While Ohio is a very small captive insurance company domicile, the state has several key captive attractions, Ohio's top captive regulator says.
"The Ohio Department of Insurance works to foster a business environment of stability and growth for the captive insurance industry in Ohio," said Tracy Snow, chief of captive insurance with the Ohio Department of Insurance in Columbus.
At the same time, state regulators try to quickly respond to questions from current and prospective captive sponsors.
"We try to be as responsive as possible," Mr. Snow added.
Captive sponsors applaud state captive regulators for their accessibility and knowledge of their business.
The Ohio captive regulators "are very approachable and business friendly.

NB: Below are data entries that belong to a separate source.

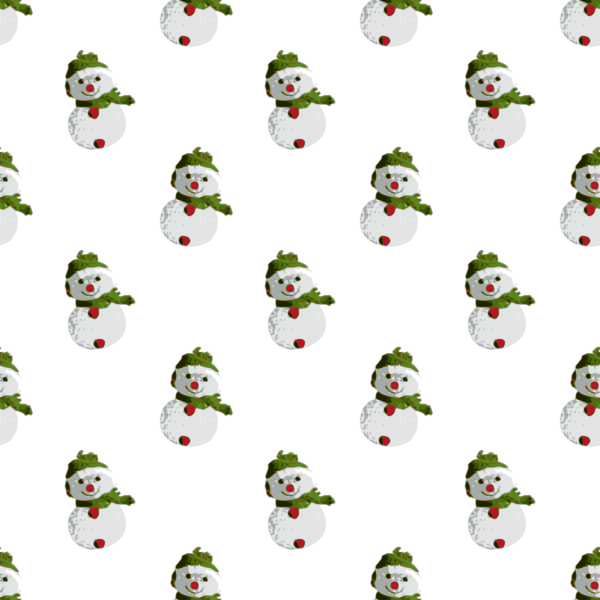 SVG Snowman pattern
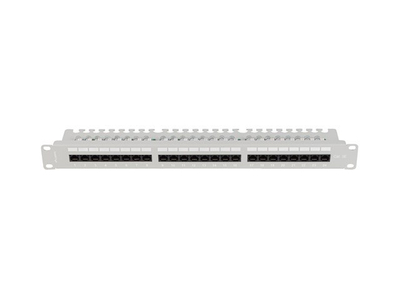Panel patch Lanberg PP5-24, 24 porta, Cat.5e UTP, gri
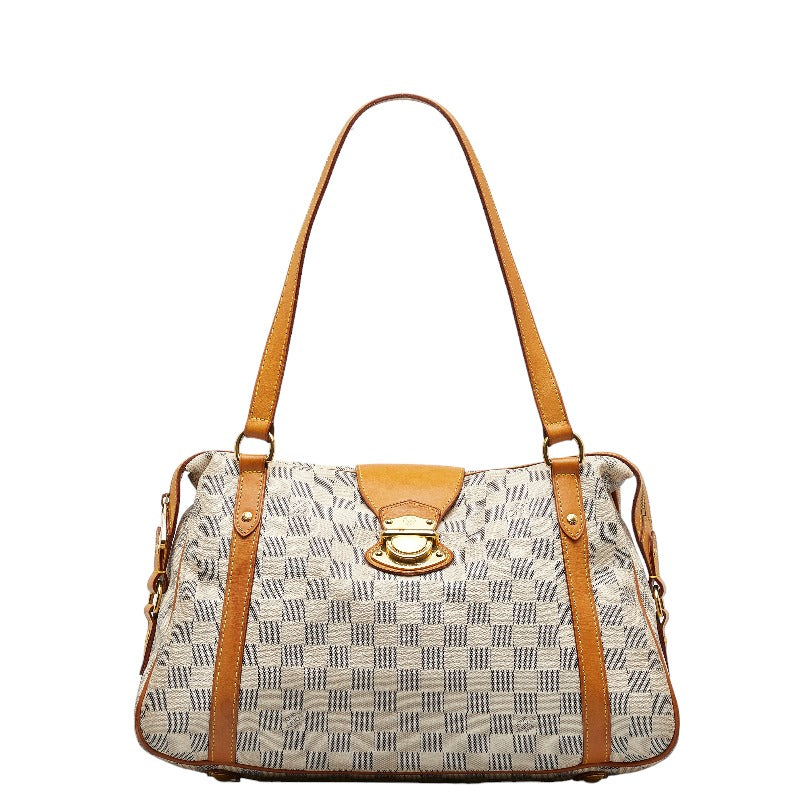 LOUIS VUITTON Louis Vuitton Damière Azur N42220 Handbag PVC/Laser White  Vintage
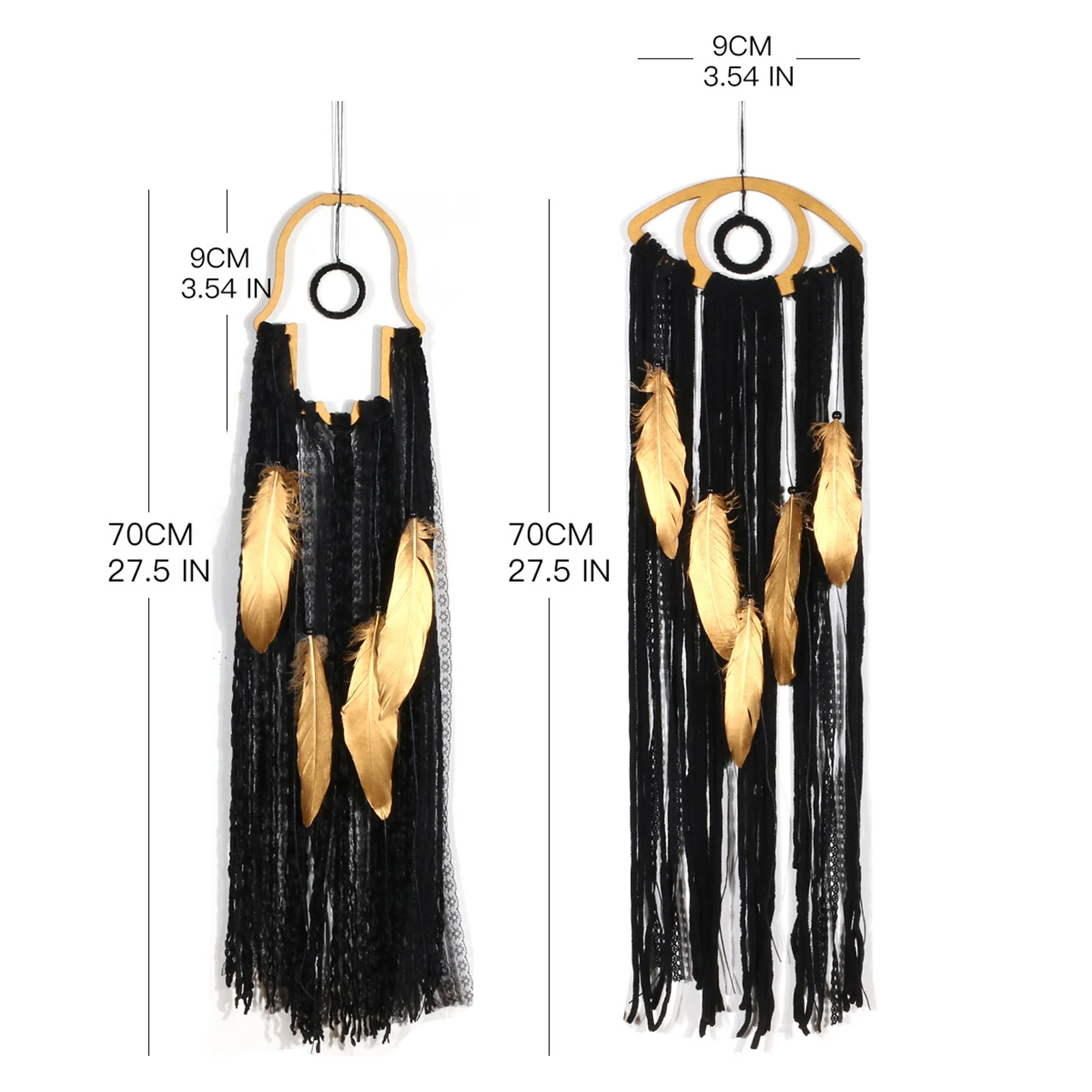 

Feather Dream Catcher Wall Hanging Handmade Exquisite Workmanship Wall Art Decoration For Bedroom Study Room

They understand our business and the business of our captive," said Andy Seger, general counsel in Cleveland with Imprise Insurance Co., an Ohio captive that underwrites warranty coverages.
While Ohio's captive count is small—at the end of 2023 just 8 captives were licensed in the state—captive premium volume is substantial. In 2023, Ohio captives generated $3.5 billion in premium volume.

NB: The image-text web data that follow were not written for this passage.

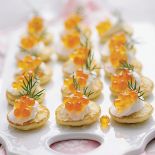 Minibliny z kawiorem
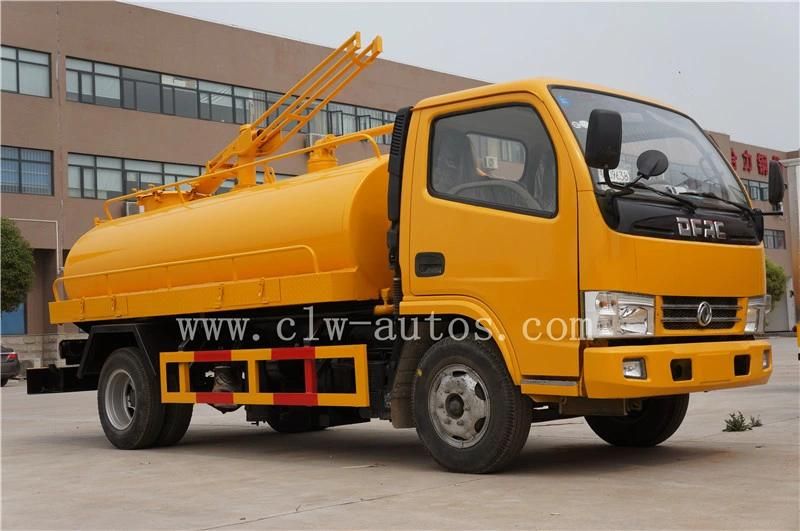 Dongfeng 4X2 8000liters Vacuum Sewage Suction Tank Trucks Septic Tank Trucks for Sale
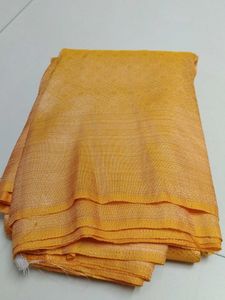 Golden Yellow softy silk saree...
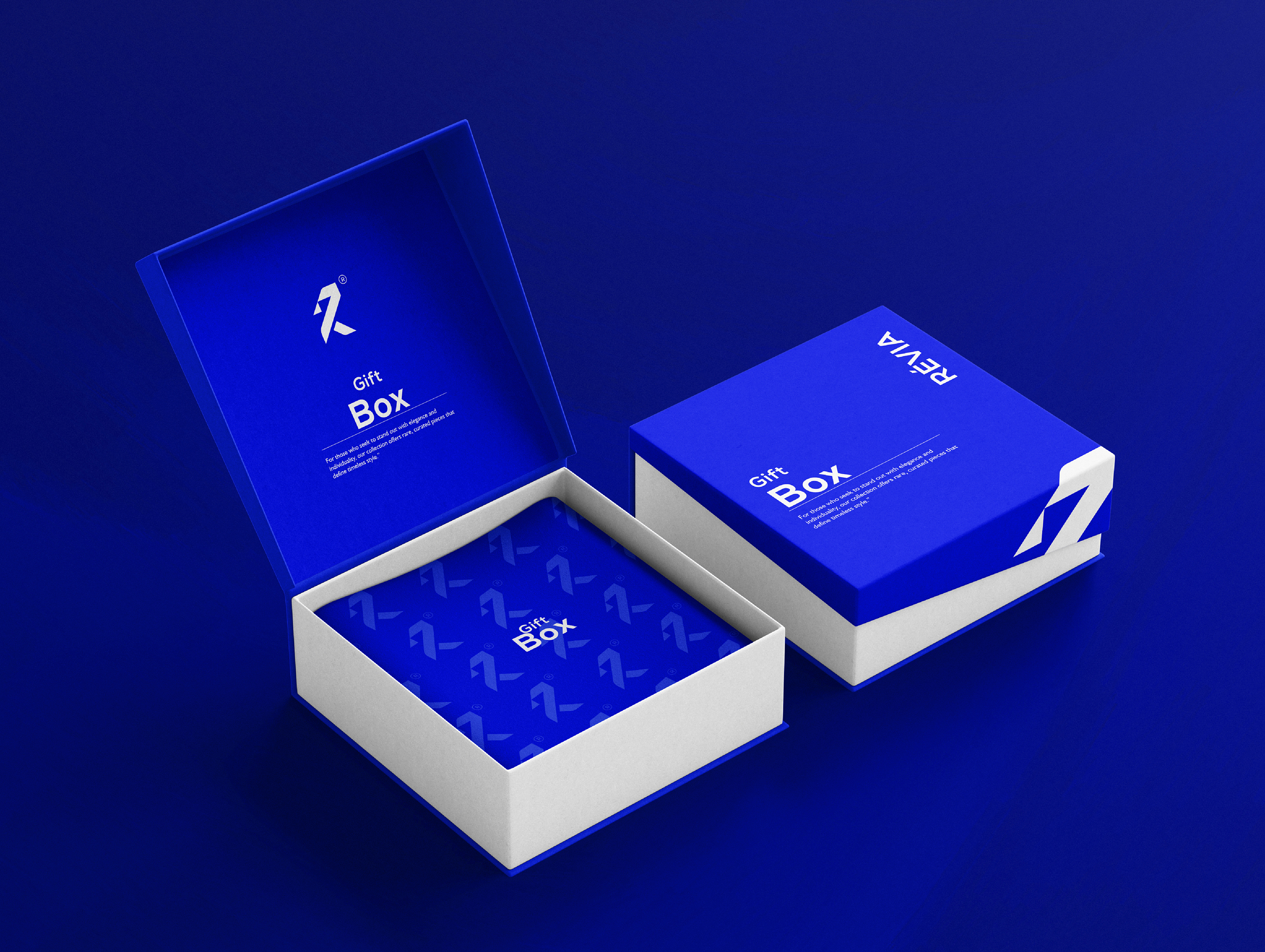 Omar Helal fashion brand identity project - RÉVIA Fashion Brand Identity gallery image 17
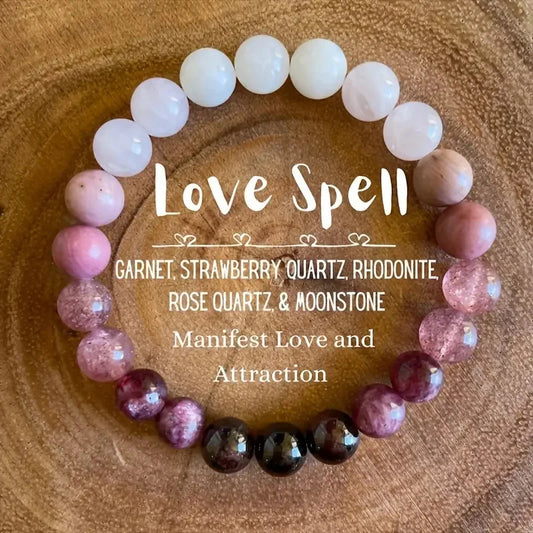 Luckacco 8mm Natural Stone Beaded Bracelet for Women Lucky Attract Love Wealth Good Luck Colorful Bracelet Jewelry Birthday Gift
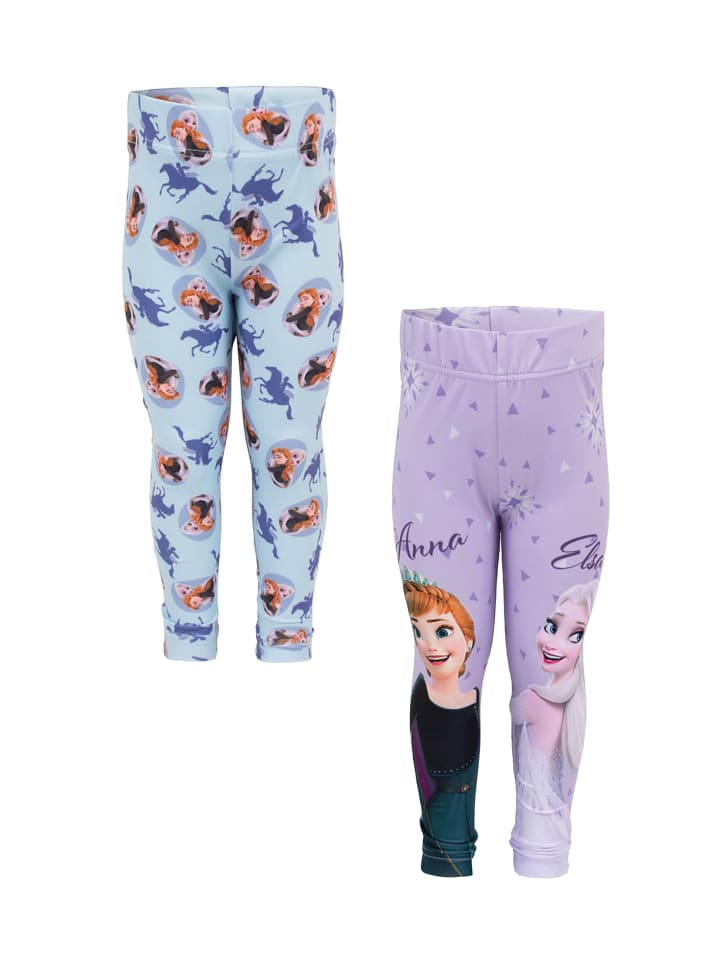 Леггинсы для девочек, набор из 2 пар с рисунком Анны и Эльзы, разноцветные Disney Frozen
Леггинсы для девочек, набор из 2 пар с рисунком Анны и Эльзы, разноцветные Disney Frozen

Under Ohio's 2014 captive statute, single-parent, protected cell, and special purpose financial captives can be set up. However, group or association captives are not permitted.
The minimum capital and surplus requirement for single-parent captives is $250,000, while protected cell captives must maintain at least $500,000 in capital and surplus.
A $500 captive application fee is charged, while captives also pay a $500 annual renewal fee.
Direct written premiums are assessed a flat .35 percent tax, while a flat .15 percent tax is assessed on reinsurance premiums. The annual minimum tax is $7,500, while the maximum annual tax is $250,000. Annual premium taxes are due March 2.
Other captive requirements include holding an annual board of directors meeting in Ohio, while the captive's manager must reside in the state.